Whether a project is an urban development project (or a change to such) as defined in the EIA Decree depends, according to the decision (in Dutch only) issued by the Administrative Law Division of the Council of State (“Division”) on 15 March 2017, on the specific circumstances of a given case. The aspects that play a role in this regard include the nature and scope of the proposed change to the urban development. According to the Division, not every change to an urban development need be considered an urban development project (or a change to such) as meant in the EIA Decree.

One finding that has been making a regular appearance in the Division’s case law, and that leads to the conclusion that a situation does not involve an urban development project (or a change to such), is that the size of the developed area will not increase as a result of the change in function. That was also the case in the decision of 31 January 2018.

The Division found that while the transformation will entail retail activities of a broader scope, the use of the property will still be focused on retail activities. Moreover, according to the Division, the change in function will not be coupled with an increase in the size of the developed area, which means that the project will leave the structure and design of Villa ArenA virtually unchanged. Given this, the Division held that the project would not constitute an urban development project (or a change to such) as meant in the EIA Decree.

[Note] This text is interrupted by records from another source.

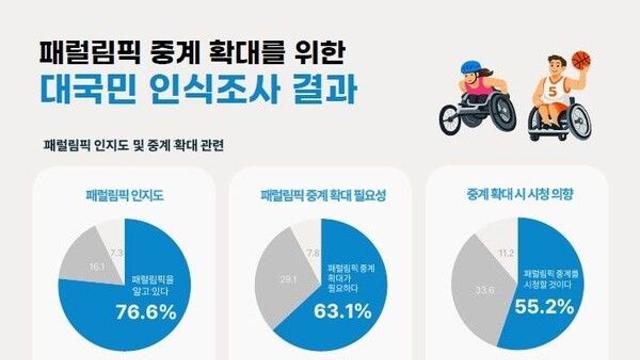 국민 63% 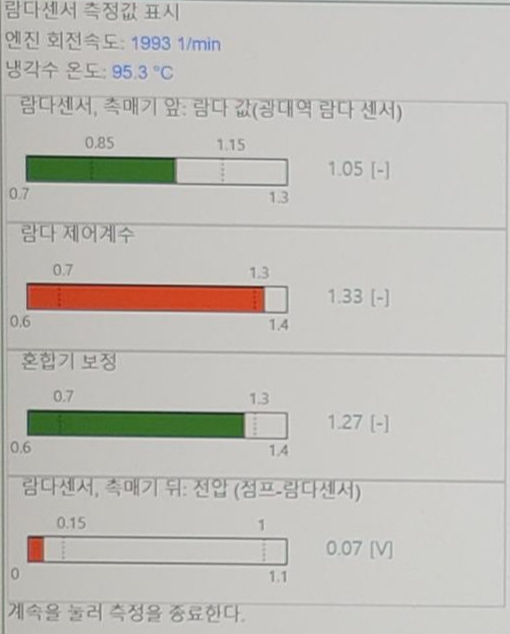  #2 [BMW 혼합기 희박] 528i N20엔진 혼합기 보정 / 엔진부조 / 다중 실화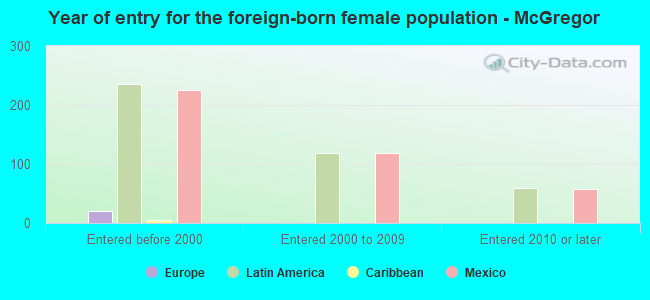 Year of entry for the foreign-born female population - McGregor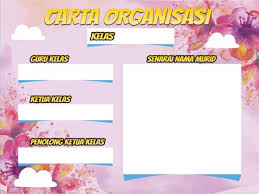 Cara paling mudah untuk memvisualisasikan struktur organisasi anda. Carta Organisasi Kelas Yang Kreatif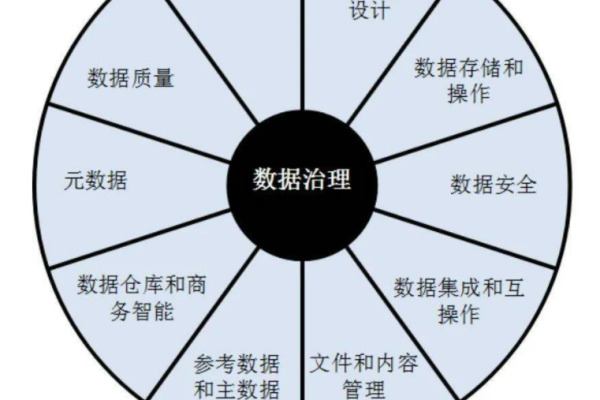 如何评估虚拟环境中数据库的基础性能指标？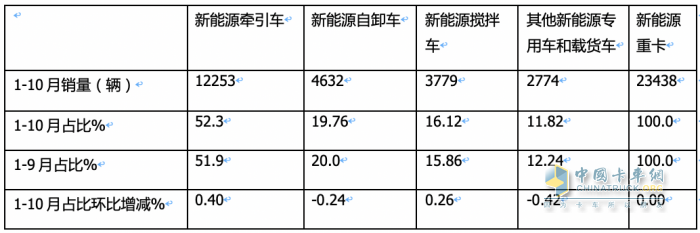 10月新能源牽引車(chē)：銷(xiāo)量及同比均創(chuàng)新高，徐工\解放\三一居前三
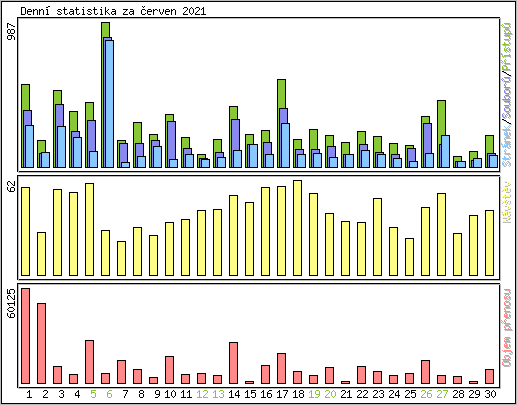 Denn statistika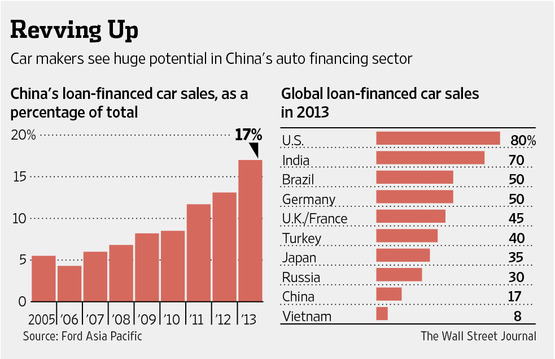Auto Makers Introduce China to the Car Loan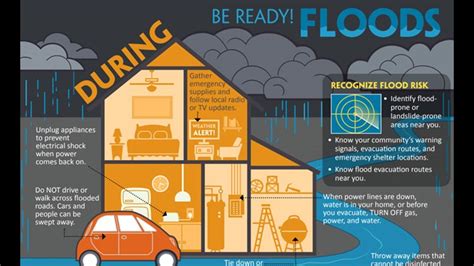 Here's how you can stay safe during flooding | wbir.com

Although we consider this defence – that a development that does not result in an increase of the size of the developed area cannot, under certain circumstances, be considered an urban development project as meant in the EIA Decree – to be a tenable one, we wonder why the Division considered it important in this particular case to make specific a finding that the change in function would not be coupled with an expansion of the developed area, particularly since the issue of the case was the application of Article 4, part 9, of Appendix II to the BOR. As indicated above, that part already presumes that the developed area and/or structural volume will not be enlarged. The value of memorialising that finding in case law therefore escapes us.